Rental Dementia: Invasive Applications

| 11 Nov 2014 | 01:28

    Certain assumptions can be helpful in saving time, so I skipped the formality of verifying his income. Who would have guessed a plastic surgeon would have any trouble qualifying for a $3,000-a-month rental?

    A good, thorough agent pre-qualifies every potential client, making certain that they have the income and, more importantly, can prove it on paper. I’m not that agent. I still sometimes naively believe that if they want the apartment, I’ll find a way to get them into it. Though explaining to a new renter why they need to provide such sensitive financial information to a landlord can be harder than explaining why they’ll pay through the ass for it. People basically hate turning over their bank accounts and tax returns to anyone, let alone a shabby rental agent. But this guy should have been a lock.

    His office was on East 77th Street, and he wanted to be as close as possible to his work. I guess you never know when someone will need an emergency nose job. I held back a chuckle when he added, “On 77th Street would be perfect, and a doorman would be great.” Somewhere on the planet this rational may make sense, but it’s hard enough to find a decent space in the right neighborhood, let alone on a specific street. In a city this diverse, why anyone would want to live and work on the same block is beyond me.
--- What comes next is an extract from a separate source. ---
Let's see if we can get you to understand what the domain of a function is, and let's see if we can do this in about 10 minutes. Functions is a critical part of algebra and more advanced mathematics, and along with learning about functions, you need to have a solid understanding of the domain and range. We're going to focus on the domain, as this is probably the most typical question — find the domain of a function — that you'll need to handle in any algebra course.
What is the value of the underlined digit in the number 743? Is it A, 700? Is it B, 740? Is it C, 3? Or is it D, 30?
If 77th Street had a good diner and dry cleaner, my new client could avoid turning a corner for the next five yeas. I pictured him in his O.R. scrubs ordering, “The usual, Sam.” But what do I know? A one bedroom in his price range with an elevator but no door jockey was sitting vacant on East 77th. His next option was five short blocks away, a little pricier, but with a doorman. I pitched him both and added just a touch of wisdom, “You can’t have it all, so decide what is more important.”

    He wanted to see both, and our little tour would have taken less than an hour had I not gotten that whole East/West thing wrong. I could have sworn the keys to our second view were in an office on East 73rd, but didn’t realize they were on West 73rd until we were standing in front of the wrong building. I shrugged, “Sorry … my bad.” He waited at his office while I took a cab across town. An hour later, I was in another cab heading back to return keys and grab an application. He actually wanted the apartment. Lucky me, right?
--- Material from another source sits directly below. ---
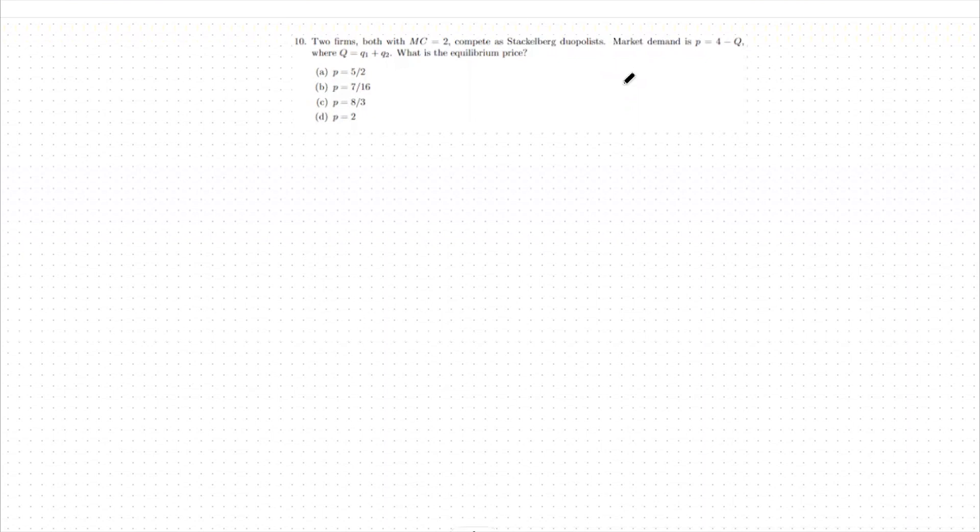This means we have two time periods where two different decisions are made. This is different than Cournot, where everybody picks their quantities at the exact same time, and different than Bertrand, where we're trying to undercut based off of marginal costs.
    The application fee was a whopping and non-refundable $200 bucks. Beyond that it was standard: tax return, pay stubs, letter of employment, etc. At the time, the apartment was still free and clear with no other applications, but an open house loomed over the weekend. Not a problem, it was Friday morning, and we had all day to be the “deal up.” I’d even spot him the fee so that he could fax everything else. We could be done by noon, but here is where, naturally, the trouble started.

    He’d never rented in New York before and couldn’t understand why they wouldn’t simply take his word for income verification. In fact, he took their probing as a personal insult. He’d only been in business a year and hadn’t yet filed a tax return. His accountant wasn’t available to get us a letter. As he worked for himself, an employment letter was tricky. I have no idea how a doctor structures his business; it seemed crazy to me, but his checks were all deposited into a personal account. He considered providing even that information invasive and an unwarranted hassle to him. My only other option was to suggest a guarantor, but his ego would hear none of it. He claimed to have made over $100,000 last year, he just didn’t understand why he had to prove it.

    I was stuck. I didn’t know what to tell him. He wanted to know why they were “breaking his balls” and why I was unable to guide him through the process. His war cry was, “I can’t be the first person in the history of this city to have this problem!” But I was beginning to think that maybe he was. Not so subtlely, he was demanding I find another way. I suppose it seemed absurd to him that a surgeon ought to be put through such a degrading process. On the other hand, he cuts into and rearranges healthy faces for a living, so I wasn’t about to argue over what qualifies as excessive.

    The application never made it in. The open house was a bust, and the space was still available Monday morning. Perhaps he found the one landlord left in New York willing to take a tenant on a handshake and a promise. I couldn’t tell you, as he never returned my phone calls. Or maybe he finally realized that being a surgeon isn’t enough to get him into a nice Manhattan apartment. Chances are he’s still living with his parents and driving down from Westchester every morning. I guess Manhattan’s not for everybody. Not yet anyway.